The Seemingly Eternal Abyss of PhD Candidacy

By Dr. Stephen Cronin

It’s a bit cliché but, when I started graduate school, I wanted my thesis to win a Nobel prize, like Brian Josephson or Louis de Broglie. A year later, I just wanted my thesis to be a significant contribution to the fields of nanoscience and nanotechnology. In the end, six years later, I just wanted it to be signed.

Research can sometimes be frustrating, disappointing, and downright depressing. This is a stark shift from typical coursework, which is a lot more predictable. Usually, the more time and energy put into studying for your classes, the more successful you will be on a weekly basis. While this is also true in research, you will not see this “pay off” on a weekly basis, a monthly basis, and quite often not even on a yearly basis.



PhD research is a very non-linear process; just when things seem to be going nowhere, there can be not one paper, but two or three papers that come at the same time. Suddenly, they can’t seem to write these up fast enough!



Students usually start their PhD research full of enthusiasm with all the exciting possibilities of doing something that no one else has done before. While this level of excitement is great, these incoming students typically do not yet have the skills needed to do their thesis work. In contrast, a third-year graduate student has usually developed all of the skills needed to complete his or her thesis work, but has not yet seen any of the rewards (i.e., published papers, conference presentations, etc.). It is actually quite common for third-year graduate students to work between 60 and 80 hours per week for three years straight and not have written any papers yet.

Many of these third-year students, highly trained technicians at this point, are still struggling with no obvious signs of success, no papers published. It’s no surprise that by now all of that initial excitement has worn off for many of them. These are the students that advisers really need to keep an eye on because this is the point when many decide to switch research groups or decide that a PhD is not for them. However, if the students, with the help of their advisors, can push through this difficult period, they will eventually reach a turning point when everything starts to work. PhD research is a very non-linear process; just when things seem to be going nowhere, there can be not one paper, but two or three papers that come at the same time.
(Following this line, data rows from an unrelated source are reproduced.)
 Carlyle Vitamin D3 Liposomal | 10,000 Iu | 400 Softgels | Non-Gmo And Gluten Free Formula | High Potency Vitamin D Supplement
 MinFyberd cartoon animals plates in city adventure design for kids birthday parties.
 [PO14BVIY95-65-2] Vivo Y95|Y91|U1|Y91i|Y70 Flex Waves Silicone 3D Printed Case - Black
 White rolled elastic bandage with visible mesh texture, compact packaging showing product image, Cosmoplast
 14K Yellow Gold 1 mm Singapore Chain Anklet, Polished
Suddenly, they can’t seem to write these up fast enough!

A big part of being an advisor is making sure our students make it to this point. I always tell my students that in graduate school, 99% percent of what you will try won’t work. But once you graduate and get a job in industry, you’ll get back to the everything working 99% of the time ratio. In fact, at places like Intel, if the particular process you are responsible for does not work 99% of the time, you could be fired! This is a different kind of pressure, but one that I think is more familiar.
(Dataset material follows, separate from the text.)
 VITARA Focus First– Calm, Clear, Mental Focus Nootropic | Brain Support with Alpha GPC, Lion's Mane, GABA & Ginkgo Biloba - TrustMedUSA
Current curriculum often trains students to get the right answer 99% of the time, and this is a very limiting point of view. It is perhaps more valuable to empower students to go against conventional wisdom and try different approaches. This is a very different mindset in which one fails 99% of the time. However, in that rare 1%, these students can achieve something truly outstanding. In a sense, this what we ask of our PhD students. They are given a vaguely defined problem, and then they have to “make it work”. It is very possible that none of the skills developed in their thesis work will serve them in their future careers, but it is the notion that they’ve taken something abstract, just an idea, and gone beyond what is currently known. This this is what I hope my students gain from the process, and I truly believe this will serve them in their future careers far more than their technical skills.

There is a reason professors with PhD students are called “advisors”. We have a responsibility beyond just making sure our students gain technical knowledge. We must also help them navigate the emotional and professional challenges of life as a PhD student. If we have done our job right, our students leave not only with technical skills, but with a sense of confidence, self-worth, and happiness.
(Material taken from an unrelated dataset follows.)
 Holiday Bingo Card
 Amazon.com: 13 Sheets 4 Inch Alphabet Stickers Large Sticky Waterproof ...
Stephen Cronin is a Professor at the Ming Hsieh Department of Electrical Engineering. He also holds joint appointments in the departments of Chemistry and Physics. His research group, Cronin Research Lab, studies optoelectronics, thermal and thermoelectric transport, and photocatalysis in a variety of nanoscale materials and devices.

Three generations together: Stephen (left) with his advisor Millie Dresselhaus, and his student, Nirakar Poudel.